Anticipating consolidation

A bit of the history of Samson Energy is in order. Samson Resource Co. was founded in 1971 by Charles Schusterman of Tulsa, Okla. He was eventually succeeded by his daughter, Stacy Schusterman. In 1986 the business was incorporated as Samson Investment Co. It grew to be the largest privately held oil and gas company in the U.S., and in 2011 about 80% of its assets were sold to an investment consortium lead by KKR. That business is known as Samson Resources LLC.

Samson Energy has had operations in several plays. In 2018 it sold the majority of assets and is focused on the Wyoming D-J.

“The intention is to sell it or drill it out,” St. Gemme said. “And with the way the equity markets are looking, we expect we will just drill it out.”

The rest of the Wyoming D-J is also small companies, and St. Gemme expects that a larger company, public or private, will consolidate the play, possibly down to two or three operators.

Keith St Gemme_ Samson Energy - Oil and Gas Investor Niobrara Spotlight
Unlike in Colorado, the Wyoming D-J is dominated by a host of small operators. Keith St. Gemme, senior vice president of operations with Samson Energy, said, “In our opinion, this needs to be consolidated down to two or three operators.”

“This is the Wattenberg of Wyoming,” he said. “We’ve got a great acreage position that is more oily and more accessible than some of the positions in Colorado. There are some public companies that are active there, but they seem to be more grassroots. Still, it would make sense for one or another of the operators in the gassier window to move up.”

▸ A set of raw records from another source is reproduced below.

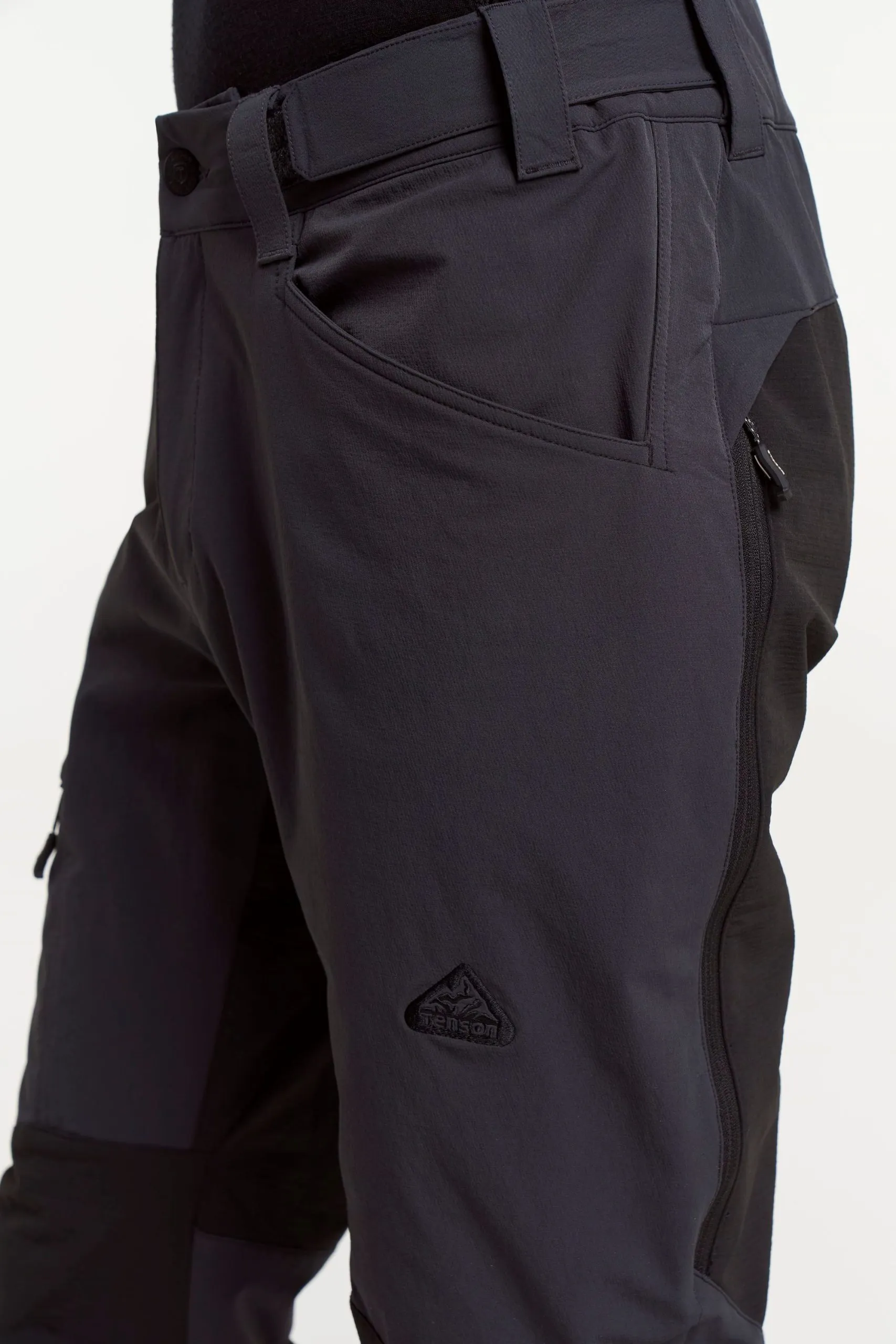 Tenson Himalaya Stretch Duo Herra Útivistarbuxur Antracite - Image 4
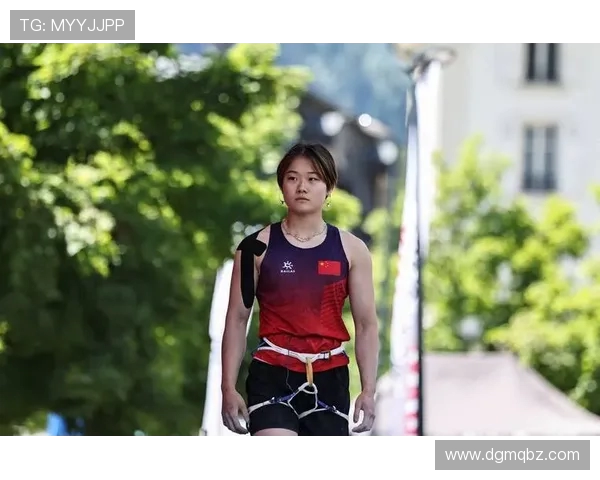 西安攀岩队在极限运动世界杯中的灵活性表现及其影响分析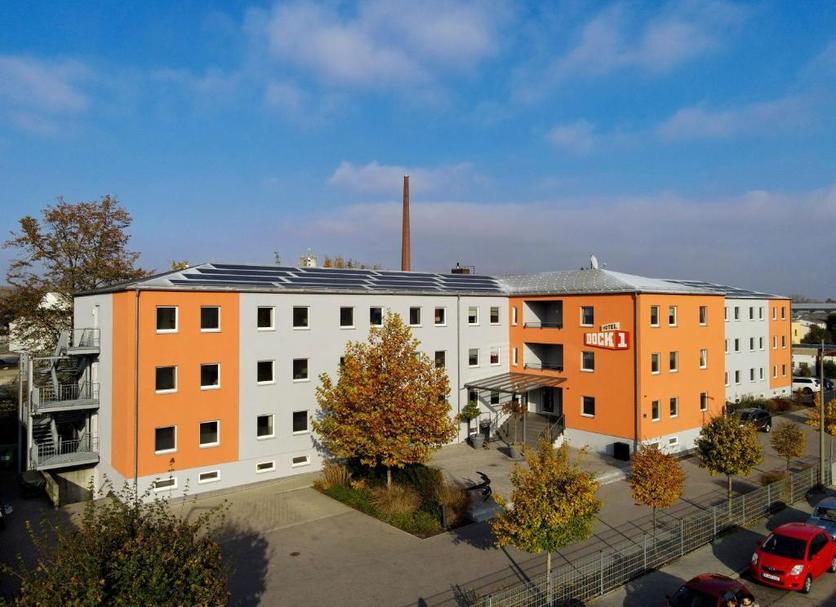 Bâtiment Photo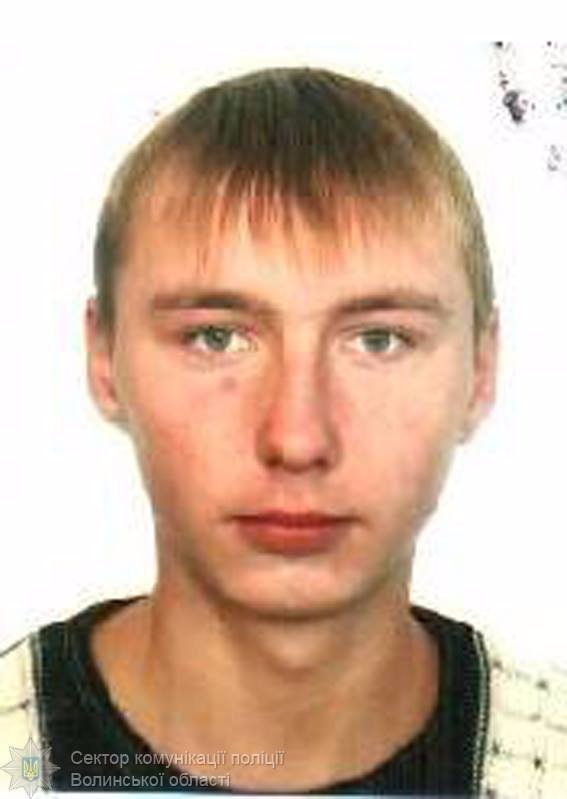 За підозрою в розбої розшукують волинянина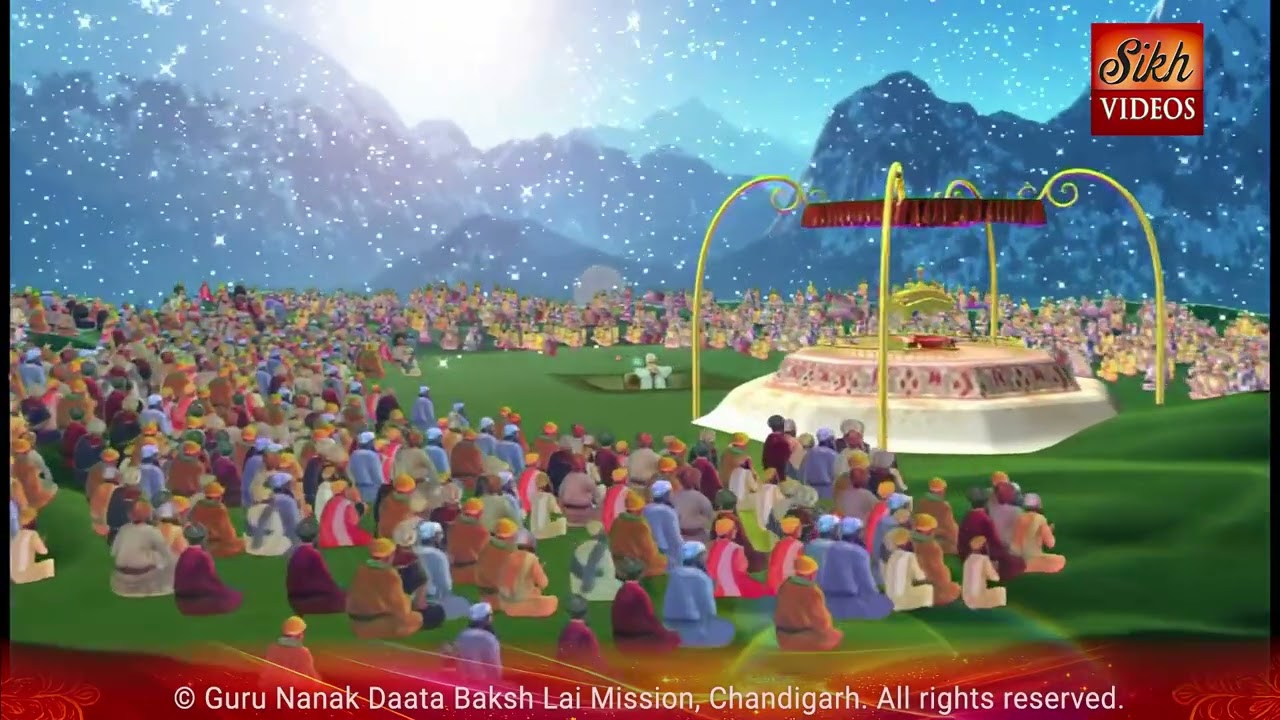 ਮਾਇਆ ਦਾਸੀ ਭਗਤਾ ਕੀ ਕਾਰ ਕਮਾਵੈ <br/> Maya Dasi Bhagtan Ki Kar Kamavey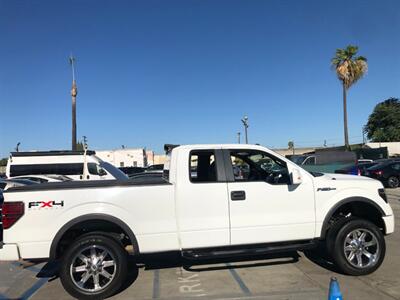 2009 Ford F-150 FX4  SUPER CAB 4X4 - Photo 4 - Ontario, CA 91762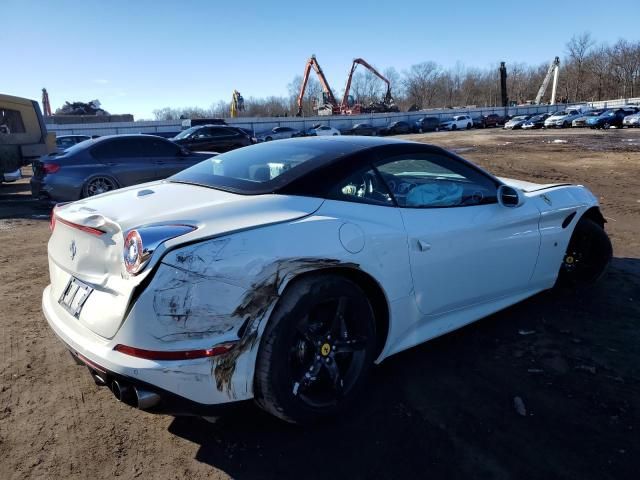 2016 Ferrari California T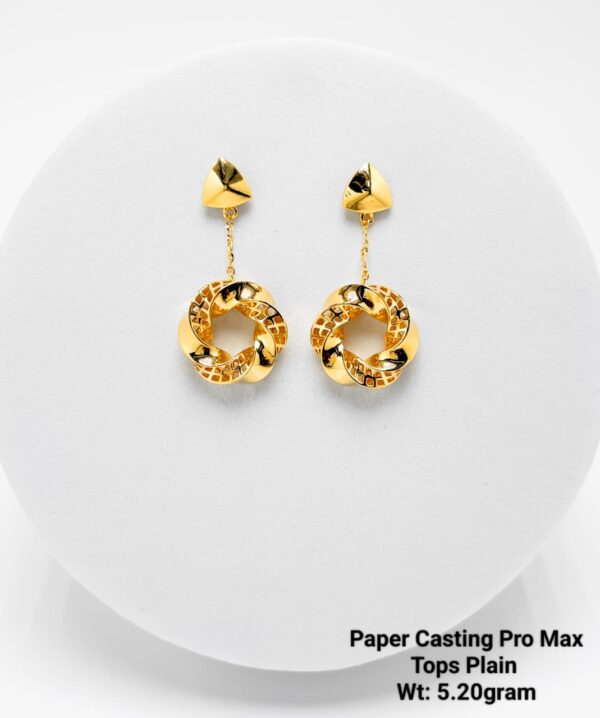 Paper Casting Tops plain 32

Detailing that accessibility, St. Gemme added, “When all those gas plants were being built in Colorado, those gathering systems were extended into Wyoming, so we have multiple options. Similarly, for oil, there were several pipelines run down from the Powder River Basin that go past us, so there is plenty of gathering, processing and transportation for oil, gas and liquids.”

Water is not as much of an issue in the play as it is in others, notably the Permian Basin.

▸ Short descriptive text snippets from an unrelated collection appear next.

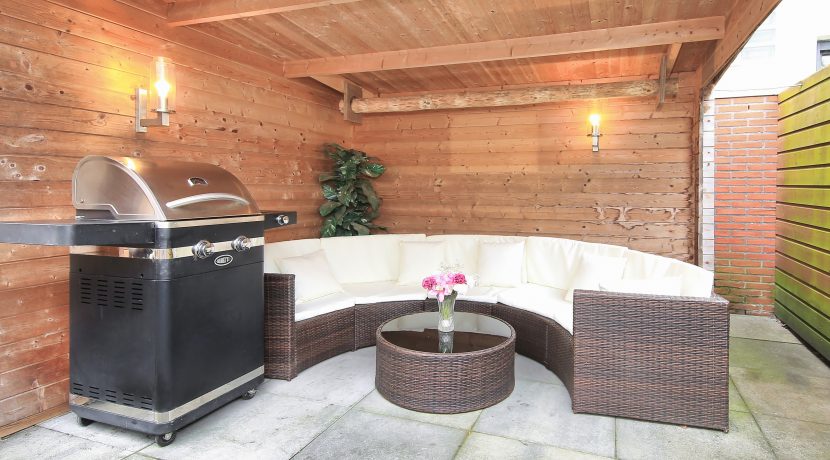 21 Count Basiestraat 22 Tuin 01e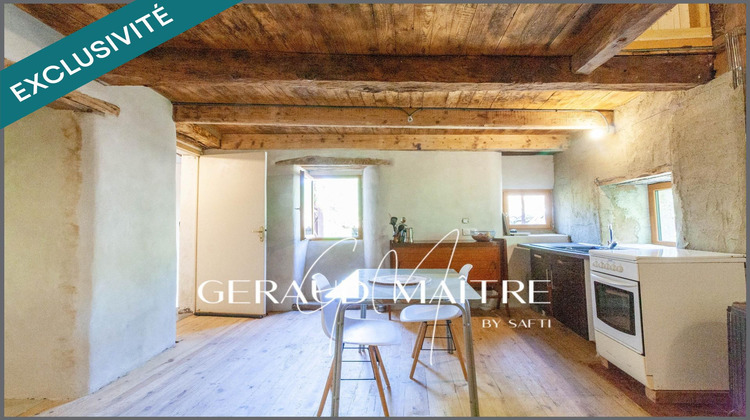 Ma-Cabane - Vente Maison Tournemire, 69 m²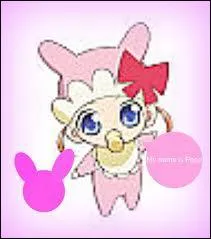 Son Shugo Chara s'appelle :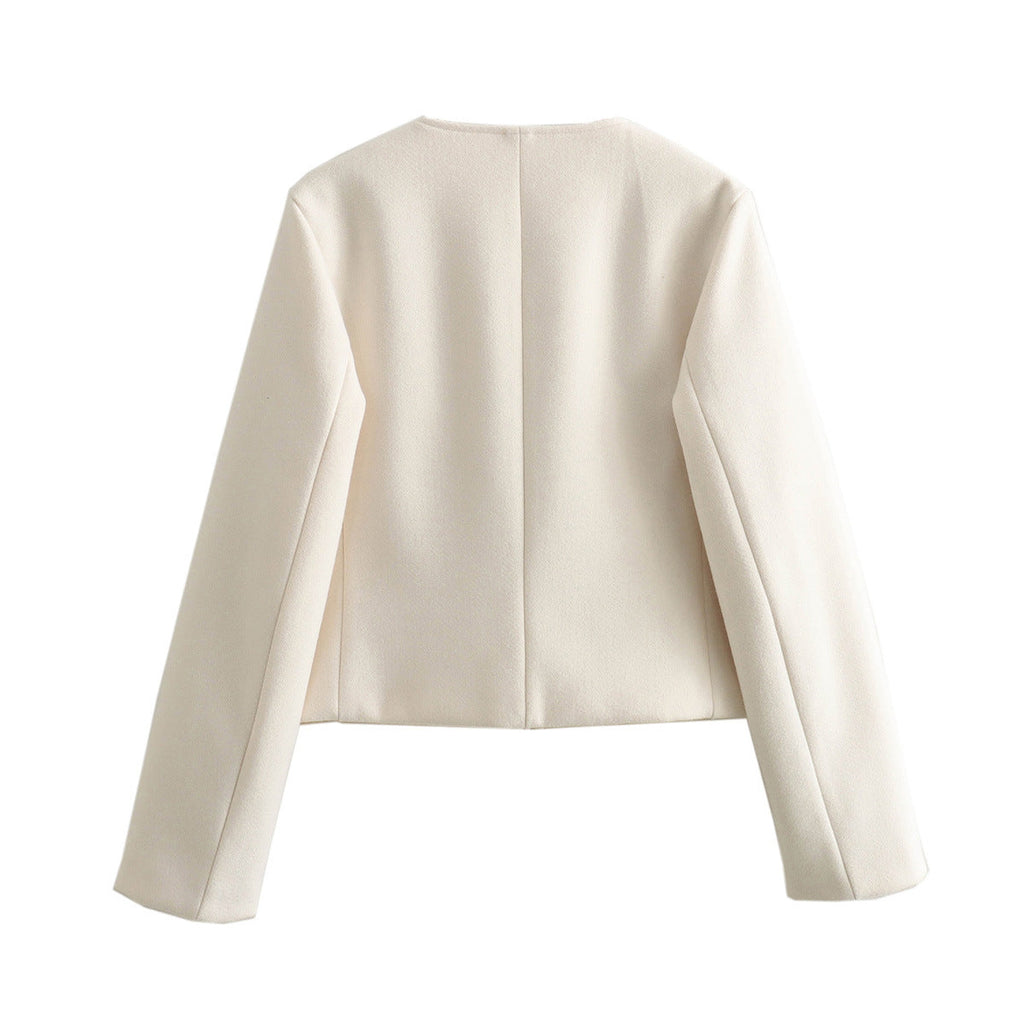 Gracefully Designed Garment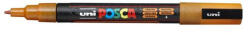 uni Filctoll UNI Posca PC-3ML csilámló narancssárga (07.02798)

“We had an operation in the Delaware Basin, and those fracs were just enormous,” St. Gemme said. “Our frac jobs here are about a one-fourth that size. We have no problem getting water. We tend to make deals with owners to buy and accumulate water until we need it. That helps us and them to plan the best use of that resource.”

Samson Energy does not currently recycle produced water, mostly because there is not the scale at present to make it practical.

“We would consider it if needed,” St. Gemme said. The same goes for disposal. “It’s not as much an issue as in Colorado, at least not yet,” he added.

That sense of balance and collaboration extends to the rest of Samson Energy’s operations.

“We engage with the city, county and state,” St. Gemme said. “Ask around Cheyenne; engagement with the community is our formula for success.”